Pollution de l'Escaut : 12 millions d’euros obtenus par la Wallonie pour compenser les dommages piscicoles
Cinq ans après la pollution de l'Escaut provoquée par un accident industriel survenu à Escaudœuvres, la Région wallonne a obtenu réparation du préjudice écologique subi sur son territoire. Les moyens financiers perçus seront entièrement consacrés à la restauration du fleuve et au retour progressif de ses populations de poissons.
Dans la nuit du 9 au 10 avril 2020, la rupture d'une digue sur un bassin de lagunage de l'usine TEREOS d'Escaudœuvres, en France, a libéré environ 100 000 m³ d'eaux de lavage de betteraves dans le milieu naturel. Très chargées en matière organique, ces eaux ont rejoint l'Escaut et y ont provoqué, sur le territoire wallon, une chute brutale et prolongée du taux d'oxygène. La vie aquatique du fleuve a été massivement détruite, en particulier les populations de poissons.
La Région wallonne s'est constituée partie civile pour faire reconnaître et réparer ce préjudice.

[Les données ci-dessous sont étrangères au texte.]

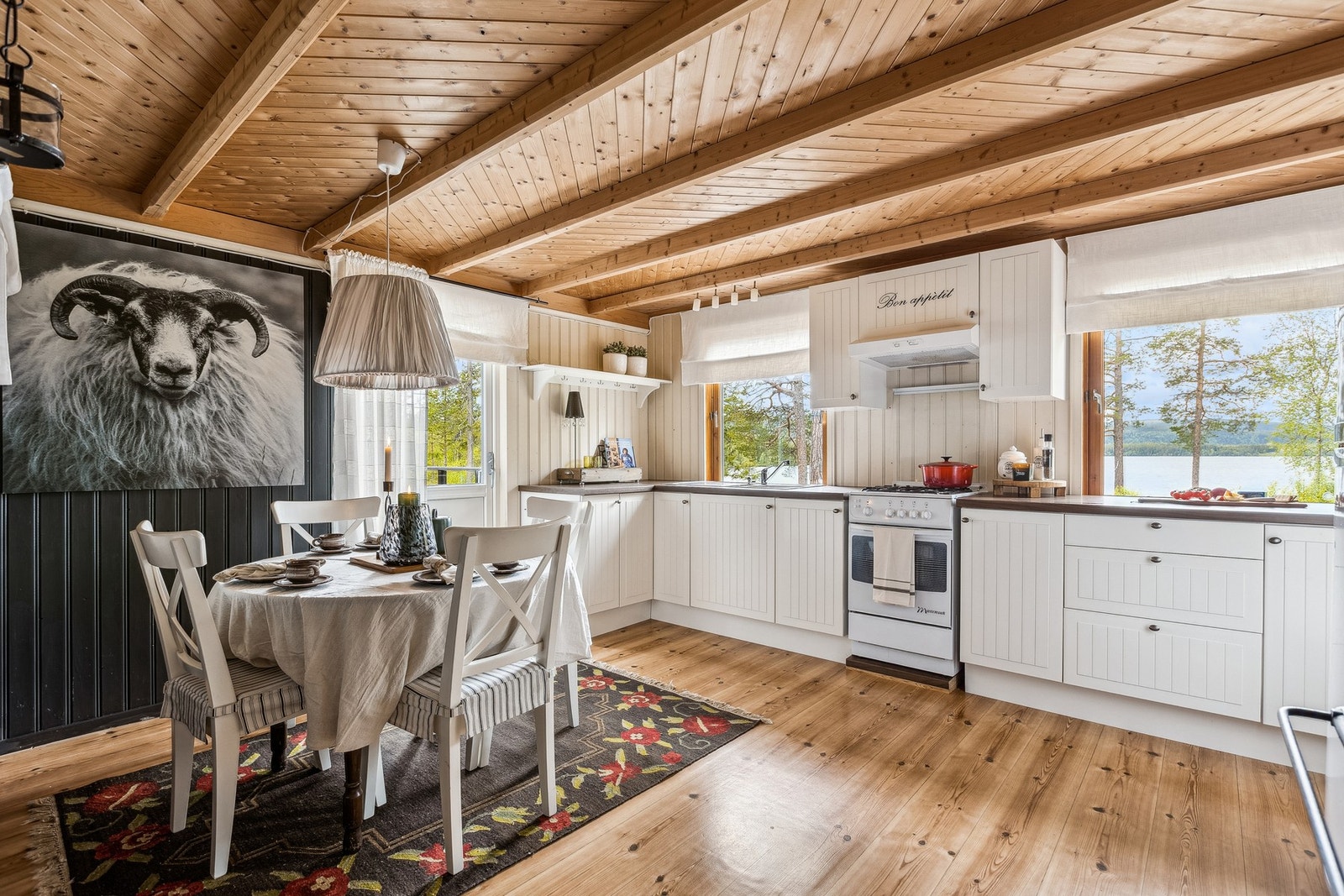 Romslig kjøkken på 15,9 kvm med tilhørende spisegruppe. Galleribilde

La Wallonie a finalement obtenu 12 millions d’euros au titre de la réparation du dommage écologique. L'intégralité de cette somme sera affectée à la restauration et à la réparation des milieux naturels de l'Escaut.
Sans attendre l'issue judiciaire, la Wallonie avait engagé une étude pour identifier les aménagements capables de reconstituer les populations de poissons. L'objectif est de rendre au fleuve les conditions nécessaires à la reproduction et à l'accueil des espèces, et de favoriser le retour de celles qui ont disparu.

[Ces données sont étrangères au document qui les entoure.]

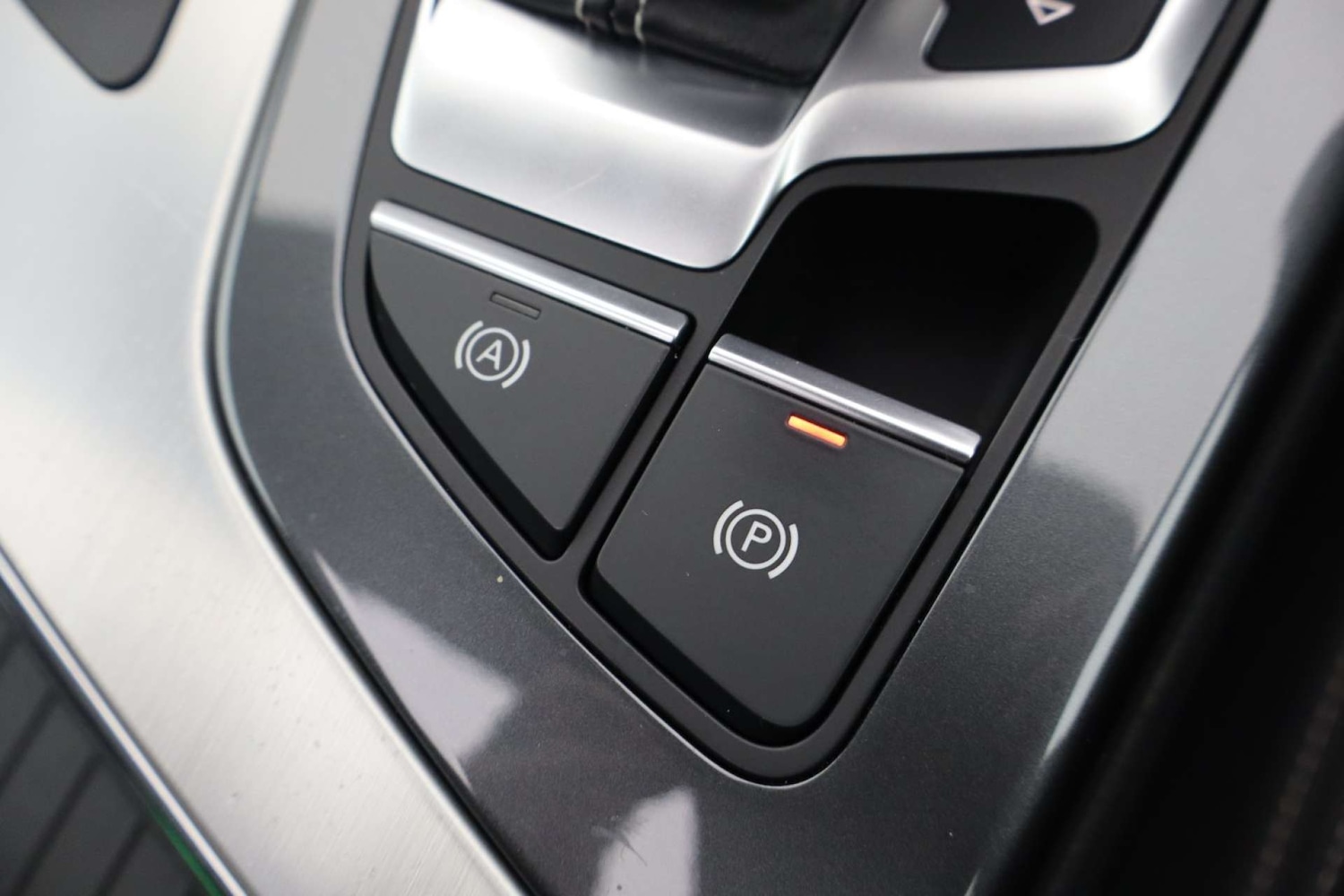 Used Audi Q7 2015 for sale - 76453807: Photo 42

Cinq types d'aménagements ont été retenus :
- des zones enherbées et des lagunes inondées plusieurs mois au printemps, propices à la reproduction des poissons ;
- des frayères aménagées dans d'anciens bras et coupures de l'Escaut ;
- des refuges aux confluences, par la diversification des habitats et l'arasement de seuils ;
- des berges réaménagées pour favoriser la ponte le long du fleuve ;
- la plantation de végétation rivulaire pour enrichir les ressources alimentaires des poissons.
Une étude de faisabilité a permis de retenir les sites offrant le meilleur équilibre entre efficacité écologique, faisabilité technique et coût. Il reste à sélectionner, parmi ces projets, ceux qui seront réalisés au bénéfice des poissons et des habitats naturels de l’Escaut.

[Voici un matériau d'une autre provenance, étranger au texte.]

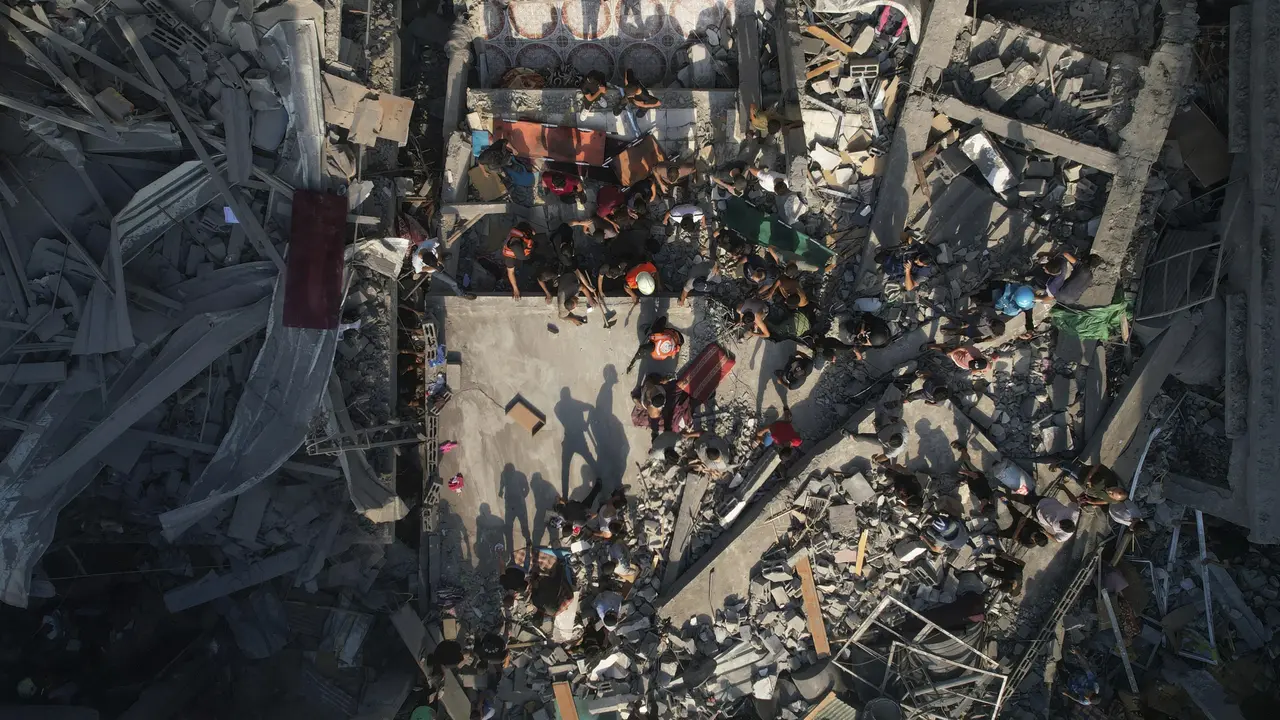 Upaya Penyelamatan Korban di Gaza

« La pollution de 2020 a détruit une grande partie de la vie de l'Escaut. Nous avons voulu que chaque euro obtenu serve à réparer le fleuve. C'est l'engagement que nous tenons : restaurer l'Escaut et y faire revenir la vie aquatique », souligne Anne-Catherine Dalcq, Ministre de la Nature.
La sélection des premiers sites est attendue dans les prochains mois. Les travaux de restauration pourront alors commencer.